Yesterday, Google announced, via the Google Mobile Blog, a host of updates to Google Maps for its Android operating system, bringing some features up to par with Maps for the iPhone while bringing some all-new features to the table as well. With the iPhone 3G S hitting the pavement Friday and more smartphones and netbooks choosing Android as their OS of choice, a thorough navigation of the new features is in order.
One significant update to Android Maps is the addition of walking and public transit directions, helping pavement-pounders find the shortest possible pedestrian routes while also mapping the most effective routes by buses, trains and subways in more than 250 cities. But Maps for iPhone has included this feature for some time, so it was high time Android Maps leveled the playing field in this respect.
Android tips the scales in its favor, however, with Latitude, Google's real-time friend-finding app that plots other Latitude users' positions via Google Maps. Latitude was already supported on Android and Windows Mobile platforms, but the most recent Android update fixes some bugs, making the process of keeping tabs on everybody all the time slightly less tedious by ensuring that phones signed into Latitude never stop updating their locations. Taking Latitude a step further, the Android update includes an experimental social feature called Updates that allows users to post comments to their Latitude map locales. Latitude is in the works for the iPhone and iPod Touch, but for now Android Maps has the edge over its Apple counterpart.
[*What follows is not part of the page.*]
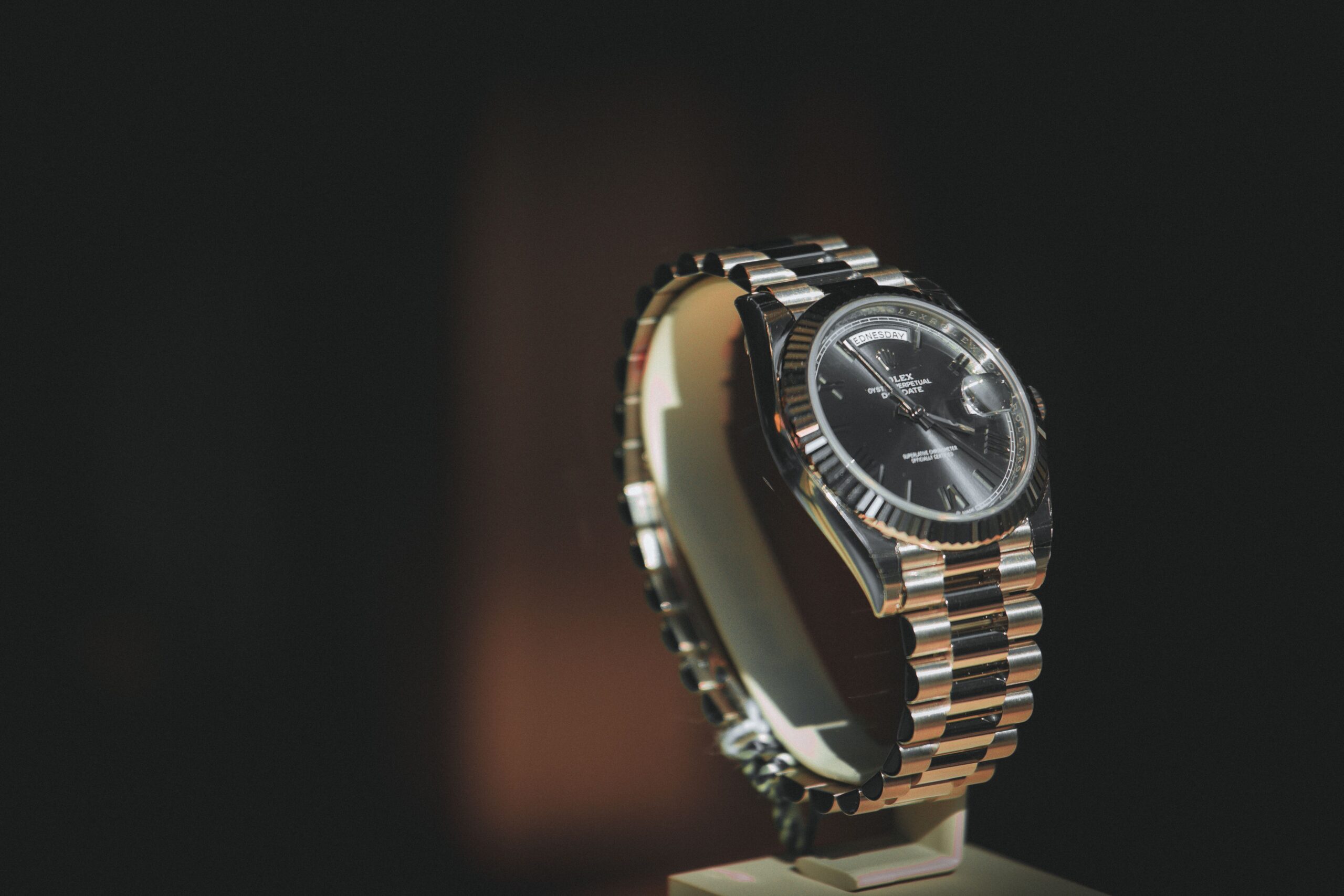 Luxury silver wristwatch displayed on a stand with dark cinematic lighting and blurred background.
The capstone of the Android update is the voice-command feature added to Google Maps. Users can search Maps by simply speaking an address or location into Android-equipped phones, making the cumbersome walk-and-type method of mapping/stumbling a thing of the past. The iPhone 3G S is voice capable—one of its key features is voice-activated calling and iPod controls—but earlier incarnations of the iPhone are not voice-command capable without the aid of third-party apps. Points again go to Android for making Maps, one of the handiest features of the modern smartphone, a bit more efficient to use.
But one aspect of the iPhone 3G S that most other phones cannot touch is the digital compass that is integrated into Maps for iPhone. The newest iPhone will know its orientation in space, and Google Maps will rotate on screen to match the actual direction the phone is facing, vastly simplifying navigation in unfamiliar settings. But Apple was not the first to mount a digital compass in its hardware. The T-Mobile G1, the first Android-powered phone, has a digital compass as well, and future Android-supported phones are sure to follow suit. Using the same technology, Android also supports the SkyMap app, available for free from the Android Market. SkyMap provides a real-time map of constellations and planets, showing you the relevant names and information when pointed at the sky. You can even tell it to search for a celestial body, and it will point you toward where Mars (for example) is at this moment.
The compass gives Apple a slight upper-hand in some respects, because most phones (the G1 notwithstanding) don't have it, and there's not telling when it might become more or less standard. That is, the iPhone 3G S holds a hardware advantage over most cell phones currently on the market. Most of Android's advantages, on the other hand, are software-related; the voice capable iPhone 3G S could support voice commands for Google Maps with the right software update, and Google is already developing Latitude for Apple products. So which Google Maps offering is superior? The answer seems to be Android. But that could certainly change at any moment.